**Task**. The answer is the full set of records, given again exactly and without images.

Records excerpted from a collection:
+ + +
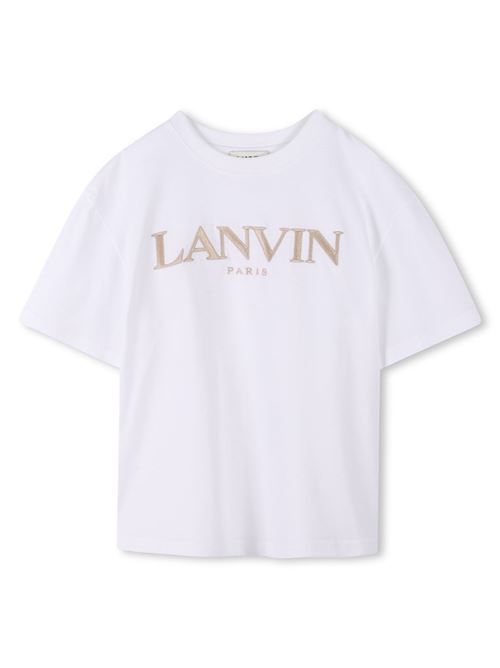 LANVIN N30215/10P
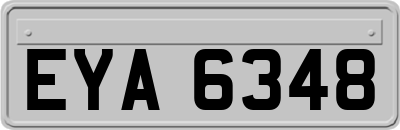 EYA6348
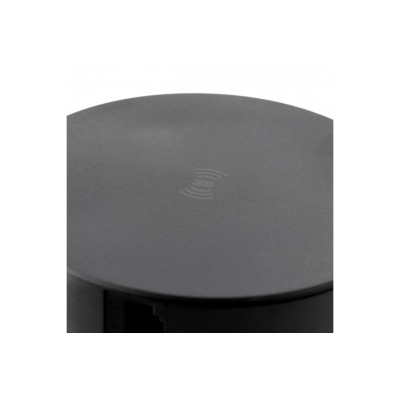 Zásuvkový blok COMFORT PLUS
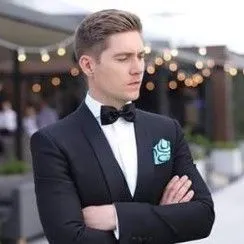 Welmutrex - Anton Kovačić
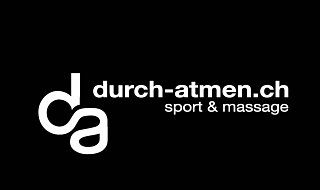 DURCH-ATMEN | Sport- und Massagestudio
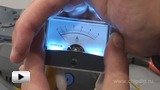 Смотреть видео: Подсветка измерительной головки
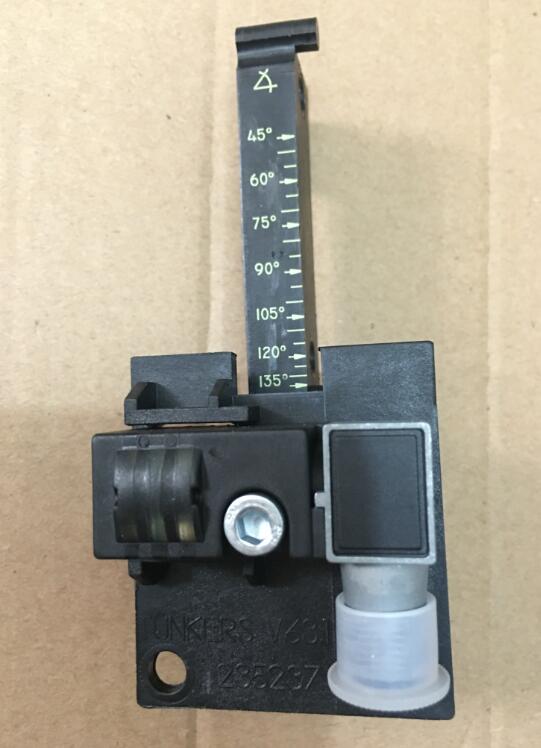 T12 FOR V/V2 63.1  ��(gu��)TUNKERS����������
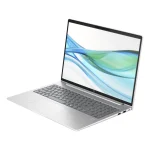 HP ProBook 465 G11 16" IPS FHD+ (Ryzen 5-7535U/16GB/512GB SSD/W11 Pro) (US Keyboard) A38DTET - Image 3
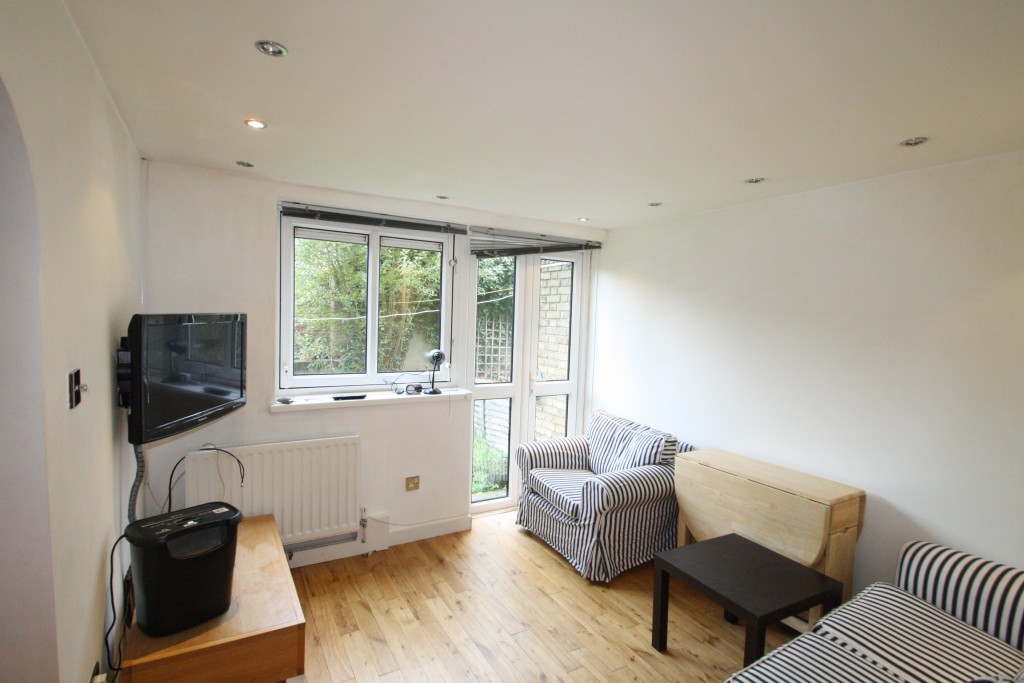 Images for Holloway, London EAID:1045282125 BID:DAN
+ + +
**Answer area**.
 LANVIN N30215/10P
 EYA6348
 Zásuvkový blok COMFORT PLUS
 Welmutrex - Anton Kovačić
 DURCH-ATMEN | Sport- und Massagestudio
 Смотреть видео: Подсветка измерительной головки
 T12 FOR V/V2 63.1  ��(gu��)TUNKERS����������
 HP ProBook 465 G11 16" IPS FHD+ (Ryzen 5-7535U/16GB/512GB SSD/W11 Pro) (US Keyboard) A38DTET - Image 3
 Images for Holloway, London EAID:1045282125 BID:DAN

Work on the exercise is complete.